Photographed Testimony

 “The fundamental movement of modern times consists in conquering the world-as-picture,” Martin Heidegger

The forest fire on the Carmel Range took place after the final deadline for submission of photographs to the 2010 Local Testimony competition. Not being able to include photos of this event aroused a sense of missing out. The small number of photographs of the fire in this year’s exhibit is a reverberation of last year’s massive media covering. The same sense of frustration is present this year when the photographs of Gilad Shalit’s return from Hamas captivity could not be submitted to the competition. It seems that the “social justice” protest did well, for it is well represented in the exhibit.

This year, 8,000 press photographs were submitted according to predefined categories, with the objective of enabling maximal coverage of the events of the past year.

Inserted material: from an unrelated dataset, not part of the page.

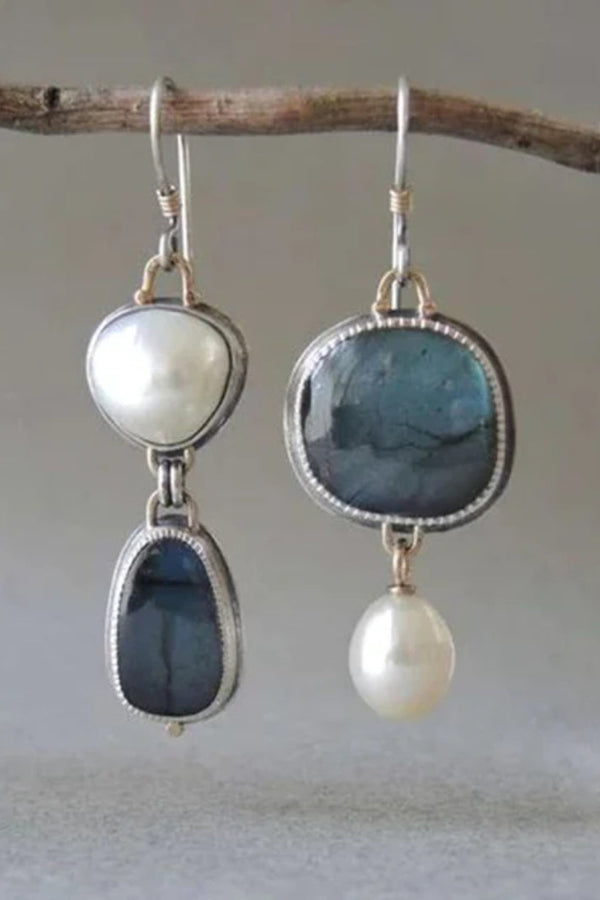 Claire - Classic Blue Stone and Pearl Earrings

The photographs in the exhibit have a different presence than they had in the original. The photographs were enlarged and a new context created – both content-related and visual. The enlargement grants the press photo a new and additional exposure. Every photograph has a size conducive to maximal visibility. The new physical presence stresses details and characteristics that were not underscored in the original. The enlargement is dependent on both the original context and on the new, independent one. The way in which the photograph is exhibited, its size and qualities, all dictate different ways of viewing, which have been enhanced thanks to the digital age.

Press photography is one of the journalistic practices that creates images with the objective of telling a news story. The number of images that modern media currently transmits, seemingly builds an ever-increasing database of a historical photographic archive. However, work on this exhibit shows that an artificial attempt to produce a sequence of images that will breathe life into the events of the past year does not pass the reality test. In other words, foremost events are thoroughly reviewed as they transpire, which prompts the illusion that the event is etched on our memory. However, the media’s attempt to attract maximal attention to all events ultimately makes us forget, and does not enable the creation of a contemporary and hierarchal historical sequence.